Done well, a data mesh can speed time to market for data-driven applications and give rise to more powerful and scalable data products. These benefits have strategic implications. But it’s essential to approach the buildout in the right way. Otherwise, well-intentioned programs can collapse under their own weight. A leading life sciences company, for example, was prepared, from a technological standpoint, for the hard work a data mesh would require. But what it was unprepared for—and found far more challenging—was harmonizing data-management practices and building agreement among different business groups on which data products and use cases to centralize. Failing to anticipate these issues forced the project to pause midstream, creating confusion and prompting business users to revert to older and less efficient ways of managing data.

By understanding what domain-based data management is and hewing to a few core precepts, companies can avoid the learning pitfalls others have faced and begin reaping the rewards of a data mesh more quickly.

What exactly is a data mesh?

The term “data mesh” was coined by Zhamak Dehghani in 2019, when she was a principal at Thoughtworks. It caught on as a way of capturing the idea of distributed data access. But interpretations of what that means in practice abound. Is it a new technology, does it make existing data repositories obsolete, or is it a theoretical construct?
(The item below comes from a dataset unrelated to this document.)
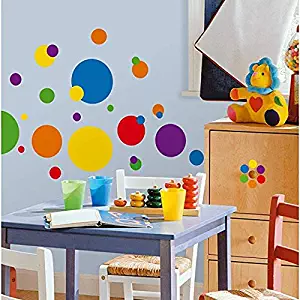 BUCKOO Polka Dots Wall Decals(132 Decals) Easy to Peel&Stick Polka Dots Wall Decals Safe on Walls Paint Removable Primary Colors Vinyl Polka Dot Decor Round Wall Stickers for Nursery Room (Multicolor)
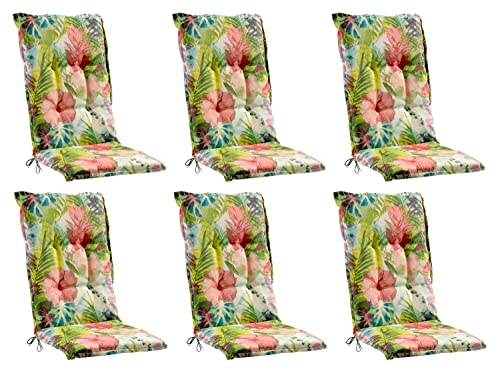 Gartenstuhlauflagen Hochlehner 6er Set - 120 x 50 cm - Mehrfarbig - Baumwolle - Polyester - Blumenmuster - Sesselauflage Sitzpolster Stuhlauflage von Home4You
McKinsey defines a data mesh as a data-management paradigm that organizes data in domains, treats it as a product, enables self-service access, and supports these activities with federated governance (Exhibit 1). Here is why each of these elements is important.

1
A data mesh is based on four foundational elements.

Domain-based data management allows data to sit anywhere. Business teams own the data and are responsible for its quality, accessibility, and security. Domains are collections of data organized around a particular business purpose, such as marketing, procurement, or a particular customer segment or region. They contain raw data as well as self-contained elements known as data products. These data products bundle data to support different business applications, and they are designed with the internal wiring needed to plug directly into relevant apps or systems. A self-serve data infrastructure underlies the data mesh and acts as a central platform, providing a common place for business users to find and access data, regardless of where it is hosted.

Governance is managed in a federated “hub-and-spoke” way. Under this approach, a small central team sets controls, and a supporting data infrastructure enforces them. Standards defined in code enable data product teams within the business to comply with metadata documentation, data classification, and data quality monitoring.

Together, these elements create a self-organizing mesh in which different groups around the business can come together, define their data requirements, agree on how new data is to be shared, and align on the best ways to employ that data.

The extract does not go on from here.